Um advogado da revista e seu editor executivo, Jason Fine, foram convocados para ajudar no processo de edição. O trabalho no artigo foi concluído cerca de duas semanas atrás, disse Wenner, mas por conta do ciclo de produção da "Rolling Stone", as pessoas envolvidas tiveram de passar por uma espera dolorosa pela nova edição, e nesse meio tempo Guzmán foi capturado.

O trabalho de reportagem e edição do artigo foi realizado de forma sigilosa, em parte para evitar as autoridades.

"Eu estava preocupado por não querer fornecer detalhes que pudessem resultar em sua captura", disse Wenner. "Fomos muito cautelosos, de nossa parte e da parte de Sean, mantendo o silêncio e utilizando uma porção separada e protegida de nosso servidor para trocar e-mails".

PROTEÇÃO

Por volta do final de novembro, enquanto Penn negociava com Guzmán e seus intermediários a inclusão de um vídeo como parte da entrevista, que terminou por ser encaminhado a ele por um serviço de entregas, a revista estava convicta de que teria de resistir à pressão das autoridades dos Estados Unidos e México, que desejariam saber o máximo que pudessem sobre o paradeiro de Guzmán.

"Deixamos claro que não tínhamos informação alguma a oferecer, a não ser aquilo que publicamos", ele disse. "Mas teríamos feito tudo que uma operação tradicional de jornalismo faz, no sentido de proteger fontes."

Wenner disse que Guzmán parece ter se tornado descuidado com relação às pessoas que contatava, durante sua fuga, e que provavelmente teria sido localizado com ou sem o artigo de Penn.

Há um longo histórico de entrevistas de jornalistas com pessoas foragidas das autoridades ou consideradas repreensíveis por outros motivos.

Osama bin Laden foi entrevistado no final dos anos 90 depois de decretar uma jihad contra os Estados Unidos (mas antes dos ataques do 11 de setembro).
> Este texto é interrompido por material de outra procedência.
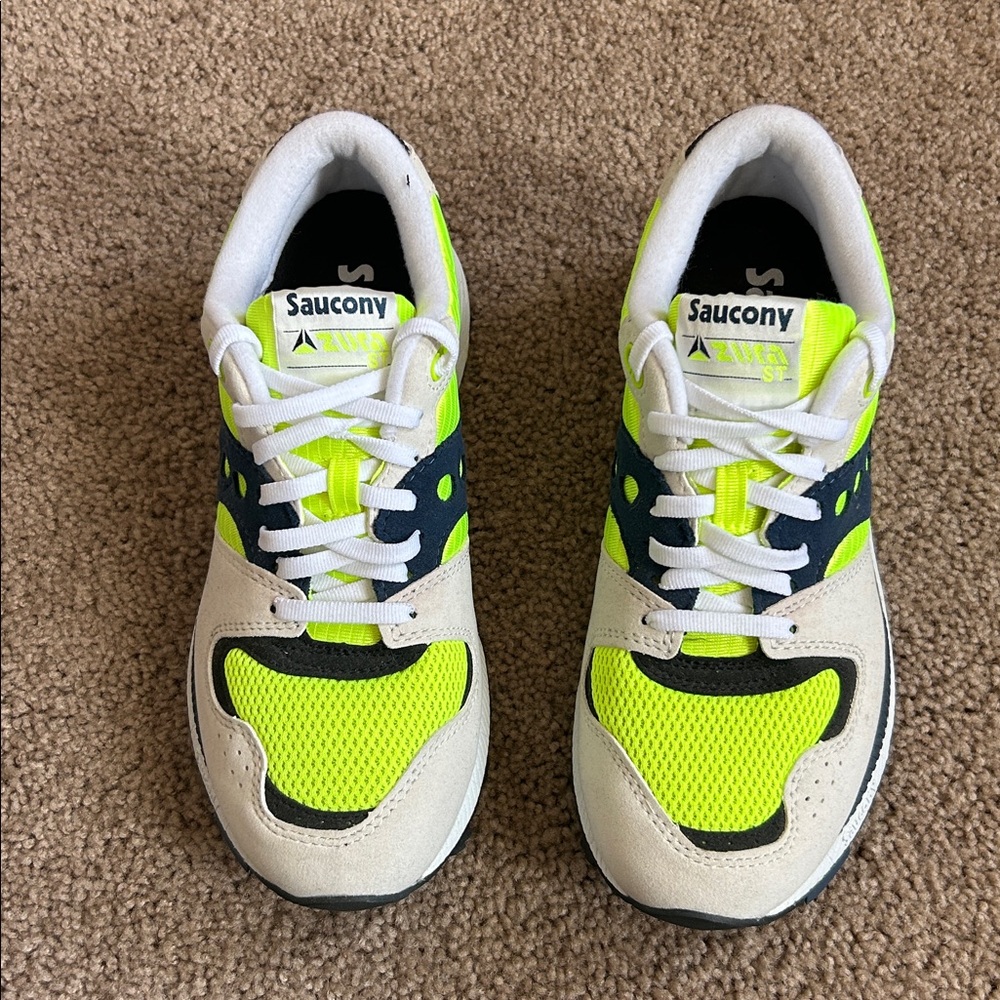 Saucony Azura Sneakers - Picture 2 of 5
Em 2013, o antigo astro do basquete Dennis Rodman viajou à Coreia do Norte para um encontro com o repressivo ditador do país, Kim Jong-un, registrado em vídeo pela companhia de mídia Vice.

Quanto a conferir a Guzmán aprovação final sobre o artigo, Wenner disse "não acreditar que isso tenha sido importante". "No passado, autorizamos outras pessoas a aprovar suas declarações usadas em entrevistas."
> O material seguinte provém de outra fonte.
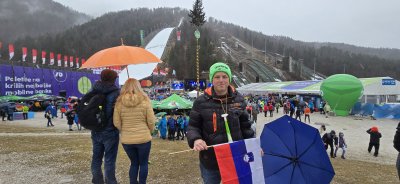 Odlično vzdušje, da se ti kar naježi koza ob navijanju.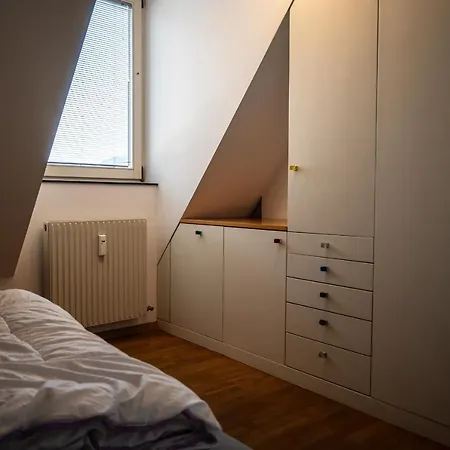 Grosse Dachgeschosswohnung Im Herzen Von *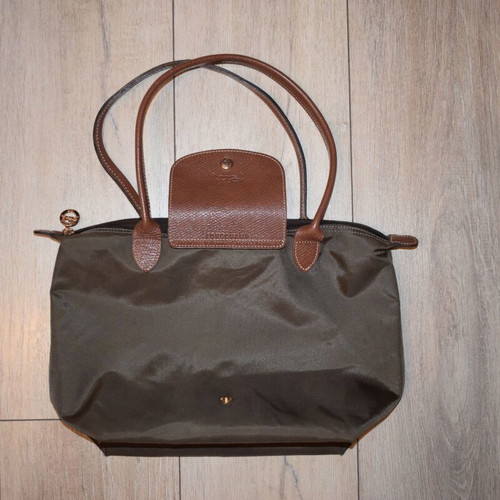 Longchamp hand bag used, green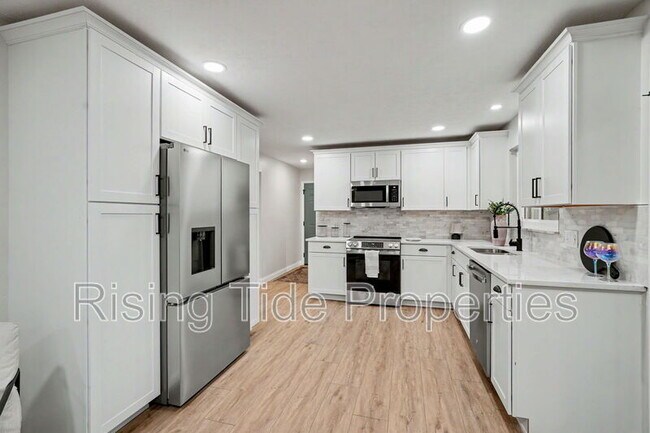 Building Photo - 2569 Richmar Dr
Guzmán, ele disse, não fala inglês e não parecia muito interessado em editar o trabalho de Penn. "Nesse caso, foi algo de pequeno a fazer em troca daquilo que conseguimos", disse Wenner.

CONTROLE DO CONTEÚDO

Ainda assim, os críticos da "Rolling Stone" não se deixam aplacar. Andrew Seaman, presidente do comitê de ética da Sociedade de Jornalistas Profissionais dos Estados Unidos, escreveu em post de blog que "permitir a qualquer fonte controle sobre o conteúdo do artigo é imperdoável".
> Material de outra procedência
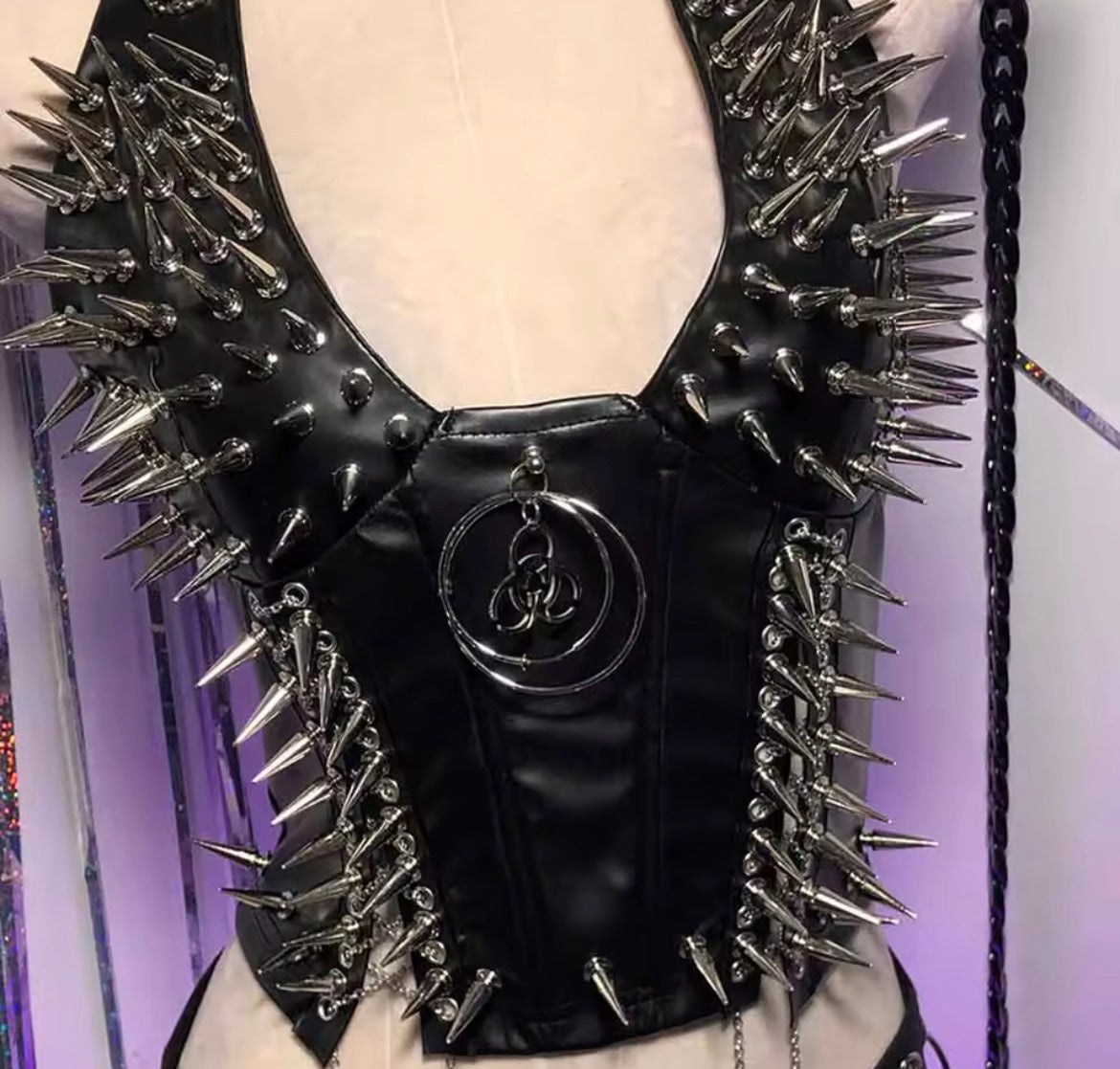 So Spiky Top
A prática de conceder direito de aprovação, disse ele, "desacredita toda a história –quer a pessoa que serve de tema solicite mudanças, quer não. O autor, no caso um ator e ativista, pode escrever a história de um ponto de vista mais favorável e omitir fatos menos lisonjeiros sobre a pessoa que serve de tema, em um esforço para evitar rejeição".

Coll concorda em que a oferta de direito de aprovação prévia é um erro. Mas, disse ele, "é difícil julgar o que a 'Rolling Stone' estava pensando, porque aparentemente o poder de veto não foi exercido, livrando a revista de qualquer dilema".

Para a revista, disse Wenner, a entrevista com "El Chapo" representou uma virada bem vinda. Acredita-se que tenha sido a primeira entrevista concedida por Guzmán em décadas, e foi submetida à verificação de fatos e a entrevistas complementares com testemunhas.

No ano passado, a "Rolling Stone" foi pesadamente criticada por um artigo desacreditado segundo o qual um estupro coletivo brutal teria acontecido na Universidade da Virgínia. Na semana que se seguiu à publicação, a polícia e pessoas familiarizadas com a situação questionaram a veracidade do artigo.

Um relatório encomendado pela "Rolling Stone" depois da controvérsia quanto ao artigo, do qual Coll foi um dos coautores, concluiu que o artigo sobre o estupro havia resultado de falhas em todos os estágios do processo, do trabalho de reportagem à edição. A revista retirou o artigo e se tornou alvo de processos judiciais.

Sobre o artigo de Penn, Wenner disse que "não é uma volta por cima, mas uma reafirmação de o quanto somos bons, o quanto somos fortes".